I hear the kids clambering up the stairs like they have bricks attached to their feet and they just walked on by the suitcase asking “where is she?”.
“Not on the bed” (because on the bed is better than under it).
“Not behind the door”.
Then I hear the usual “MUMMY, MUM, MUUUUUUM. We give up!”
As they said that I tried to escape the suitcase and out I fell. “Haaa, got you didn’t I? How good was that hiding place?” Bragging rights.
They stared at me looking perplexed then my son eventually broke the silence.
“But, Mummy… You always tell us not to touch the suitcase…”
Time for the next round.
The kids lay down on their bedroom floors and I find then instantly.
Then it’s my turn to hide. I won’t choose the suitcase again because firstly, I could have died, secondly, they did have a point, I tell them regularly to stop playing with it. We just need to put it in the freaking loft but there it sits, every day, reminding us of our holiday six weeks ago.

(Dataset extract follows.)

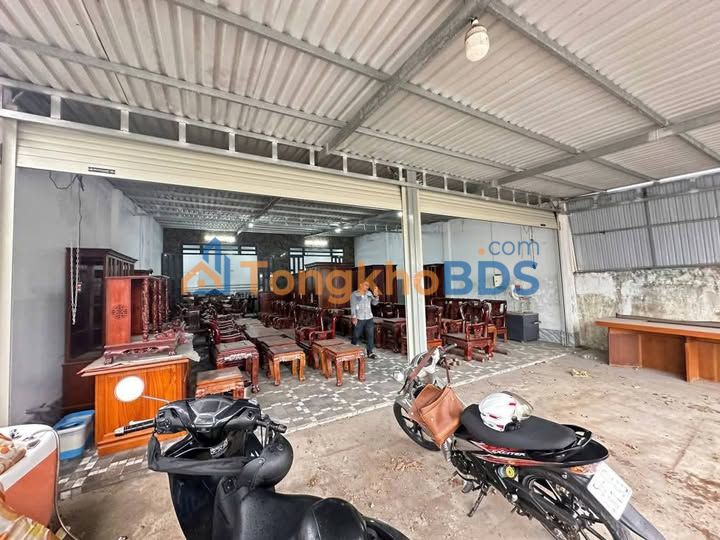 Nhà riêng Tránh Xuyên Á Trảng Bàng 190m² 2 tỷ - Ô tô vào tận nhà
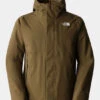 The North Face Mens Carto Triclimate Jacket 2 The North Face Mens Carto Triclimate Jacket -Urban Threads a1314122 5454 a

Anyway, I decide to hide in my son’s wardrobe. This hiding place is so obvious that I’m sure they’ll find me. I know it’s inside and not just outside so it’ll be tricky for them at first but there’s no way they’ll overlook this spot.
I hear them downstairs counting.
Where I give them ample time to hide by stretching out each number, they give me no time at all. They count to ten as if it’s one long word. I don’t even think they breathe while saying it. Then they rush upstairs like someone’s just smelt chocolate.
They gave up after a few minutes and called for me to come out. I wasn’t going to let them give up. We’re not quitters! So I whispered through the crack in the door “I’m here”.
“What Mummy? You’re downstairs?”
No, I’m right next to you in the wardrobe. I’m right here. RIGHT HERE. My face is practically touching your ear. Also if I managed to hide downstairs in the nanosecond they take to count, they’d have seen me. That’s where they count.
“No, I’m here” I whisper again.
“What? I can’t see you!”
I slide the door open a little and sit my face in the gap. A little hint for them would be to see my face wedged between the door and the wall, but the kids still haven’t noticed. I just don’t know how long I can keep this up because I’m starting to need a wee. We really need to work on their observation skills.
“Mia, I can hear here”
“OH MUMMY THERE YOU ARE. You need to hide better, we can’t find you”. Thus starts the debate of what hiding better actually means…
They ask me to hide again so this time I’m going to hide like they hide. I’m laying down on the other side of the bed. They’ll find me here, they’ve hidden here before. They walk into my son’s bedroom and my son is starting to get angry. He’s actually furious that I’m not hiding better so instead of letting him continue to explode with emotion I pop up from behind the bed which makes both of them crap themselves with fear and declare they’re not playing anymore.
That’s fine. I start to clean up from breakfast and as if nothing has happened my son says “you count, I’ll hide” and runs off. Children are weird, I’ll never understand their minds.
So for the final time I count to ten, march up the stairs and see my son standing in his room completely oblivious to my presence.
“You’re not hiding”.
“I’m playing football”.
“But we were playing hide and seek?”
“Oh, are we?”
In ten seconds he’s completely forgotten what we were doing.